Aluminum, aerospace, automobiles: pillars of our prosperity would collapse under the weight of these tariffs. According to the Legault government, at least 100,000 jobs are in danger.
Faced with this danger, Canada resembles a squirrel protecting its nuts from an American grizzly bear. Our dependence is blatant: three quarters of our exports end up in the United States.
And the worst? Our economy, too focused on consumption and real estate, sorely lacks the tools to survive a major trade war.
The chaos
The Bank of Canada predicted it in 2019: a tariff of 25%, and a guaranteed recession. GDP would fall by 6%. This would not be just an economic storm. It would be a tsunami.
The crisis would surpass all previous recessions except the temporary shock of the pandemic. Exports in free fall, Canadian dollar in disarray, frozen investments, paralyzed job market: widespread economic chaos.
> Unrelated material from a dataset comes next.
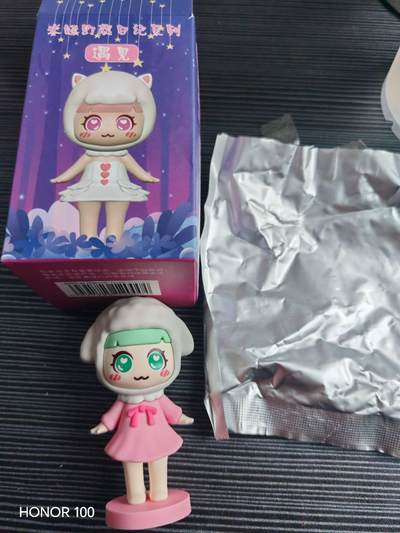 正版盲盒专场 - 米拉的夏日日记”系列（遇见主题）盲盒，具体款式为小羊装扮款，是该系列中主打萌系动物拟人风格的可爱手办。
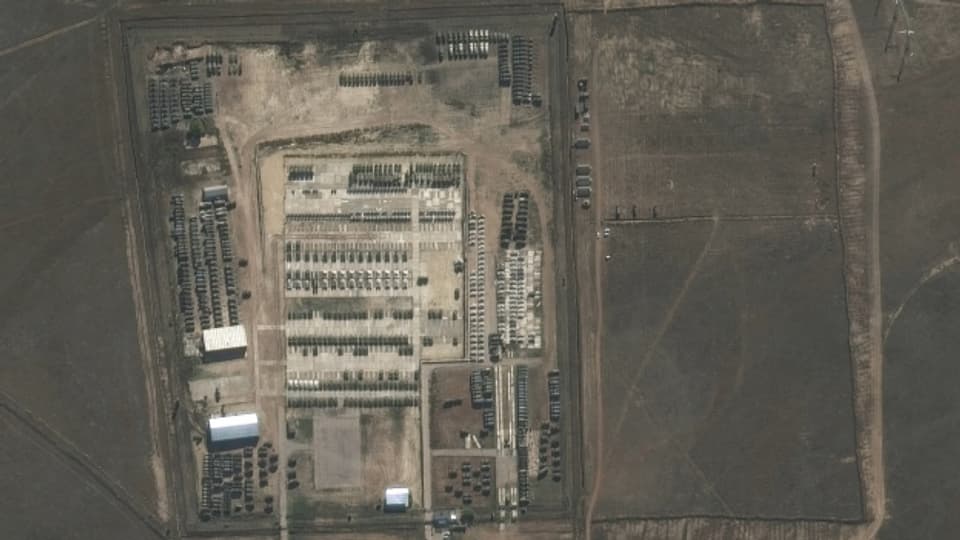 Dieses Satellitenbild vom 5. Dezember 2021 zeigt russische Truppen auf der Krim.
And that’s not all. According to the Canadian Federation of Independent Business, 65% of SMEs would raise their prices to survive. Already find your grocery basket too expensive? Prepare for worse.
Dangerous game
So what to do? The Trudeau government plans to respond with reciprocal tariffs. The idea is tempting: a blow for a blow, an eye for an eye, a tooth for a tooth. But it would be a dangerous game.
-Each tariff would trigger a cascade of additional costs for Quebecers. Orange juice, construction materials, cars: everything would become more expensive. An infernal spiral.
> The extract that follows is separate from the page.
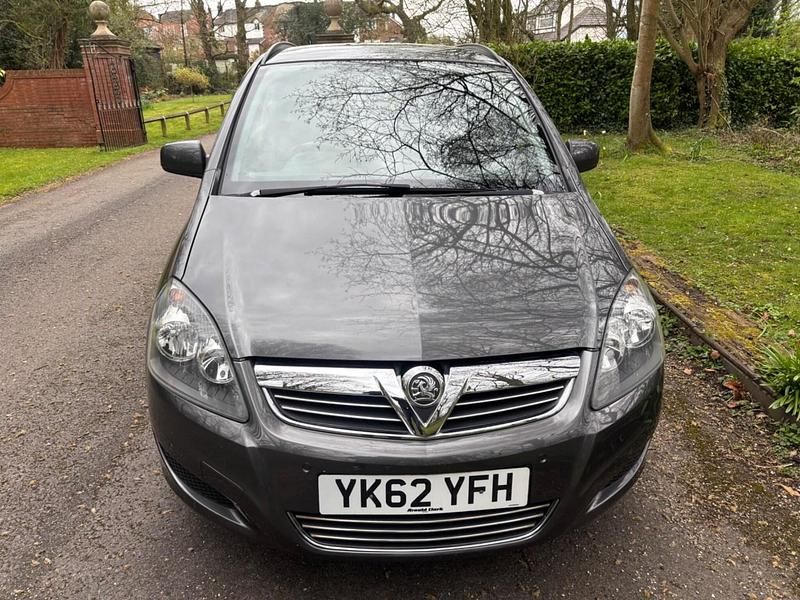 Used Vauxhall Zafira 115 HP (84 kW) 2012 Grey MPV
With public finances weakened by years of excessive spending, Ottawa would have difficulty supporting sectors in crisis.
Some experts are proposing bold solutions: reducing taxes, reducing trade barriers between provinces, investing in innovation. Great ideas, but far from being immediate remedies.
The Chinese lesson
China opted for a different strategy during Trump’s first term. To calm its enthusiasm, Beijing had promised to massively purchase American agricultural products. A tactic that saved time, even if not all commitments were respected.
Canada could take inspiration from it. Why not promise to buy more military equipment, trains or planes made in the United States? This kind of concession would allow Trump to declare a “victory” while defusing tensions.
The price of inaction
Our leaders lacked vision. For more than a year, Trump’s re-election seemed likely. However, instead of preparing, several elected officials preferred to look away.
They bet, wrongly, on a re-election of Joe Biden, banking on a continuity that never happened. Justin Trudeau, by recently describing Trump’s victory as a “setback”, has only worsened already fragile relations with Washington.
Meanwhile, no proactive measures have been put in place to protect our industries, our jobs and our purchasing power.
If Trump turns the key, he will lock the padlock on our trade. And for now, Canada is still looking for its double.